Directions: A complete copy of the entries, exactly as written, is the expected result.

Short web captions
----------

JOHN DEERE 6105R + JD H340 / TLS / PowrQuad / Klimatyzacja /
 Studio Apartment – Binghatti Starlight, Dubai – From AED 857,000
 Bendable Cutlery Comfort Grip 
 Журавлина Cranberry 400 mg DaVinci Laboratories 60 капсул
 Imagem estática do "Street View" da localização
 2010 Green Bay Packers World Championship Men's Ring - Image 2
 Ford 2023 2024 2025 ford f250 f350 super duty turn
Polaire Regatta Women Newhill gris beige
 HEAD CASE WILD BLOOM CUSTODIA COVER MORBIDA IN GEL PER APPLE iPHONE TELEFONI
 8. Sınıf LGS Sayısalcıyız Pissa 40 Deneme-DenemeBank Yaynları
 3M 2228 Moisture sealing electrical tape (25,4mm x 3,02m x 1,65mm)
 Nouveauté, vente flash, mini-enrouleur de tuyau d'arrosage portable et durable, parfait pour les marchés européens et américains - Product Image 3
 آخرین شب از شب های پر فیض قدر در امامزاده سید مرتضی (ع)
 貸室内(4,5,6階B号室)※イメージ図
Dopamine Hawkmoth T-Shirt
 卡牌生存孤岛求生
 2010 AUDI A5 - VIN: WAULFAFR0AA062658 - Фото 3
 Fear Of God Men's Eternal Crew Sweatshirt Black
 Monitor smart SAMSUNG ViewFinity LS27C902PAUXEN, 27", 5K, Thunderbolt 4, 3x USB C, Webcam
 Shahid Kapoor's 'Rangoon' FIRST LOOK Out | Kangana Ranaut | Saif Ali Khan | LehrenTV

----------

The completed task:
JOHN DEERE 6105R + JD H340 / TLS / PowrQuad / Klimatyzacja /
 Studio Apartment – Binghatti Starlight, Dubai – From AED 857,000
 Bendable Cutlery Comfort Grip 
 Журавлина Cranberry 400 mg DaVinci Laboratories 60 капсул
 Imagem estática do "Street View" da localização
 2010 Green Bay Packers World Championship Men's Ring - Image 2
 Ford 2023 2024 2025 ford f250 f350 super duty turn
Polaire Regatta Women Newhill gris beige
 HEAD CASE WILD BLOOM CUSTODIA COVER MORBIDA IN GEL PER APPLE iPHONE TELEFONI
 8. Sınıf LGS Sayısalcıyız Pissa 40 Deneme-DenemeBank Yaynları
 3M 2228 Moisture sealing electrical tape (25,4mm x 3,02m x 1,65mm)
 Nouveauté, vente flash, mini-enrouleur de tuyau d'arrosage portable et durable, parfait pour les marchés européens et américains - Product Image 3
 آخرین شب از شب های پر فیض قدر در امامزاده سید مرتضی (ع)
 貸室内(4,5,6階B号室)※イメージ図
Dopamine Hawkmoth T-Shirt
 卡牌生存孤岛求生
 2010 AUDI A5 - VIN: WAULFAFR0AA062658 - Фото 3
 Fear Of God Men's Eternal Crew Sweatshirt Black
 Monitor smart SAMSUNG ViewFinity LS27C902PAUXEN, 27", 5K, Thunderbolt 4, 3x USB C, Webcam
 Shahid Kapoor's 'Rangoon' FIRST LOOK Out | Kangana Ranaut | Saif Ali Khan | LehrenTV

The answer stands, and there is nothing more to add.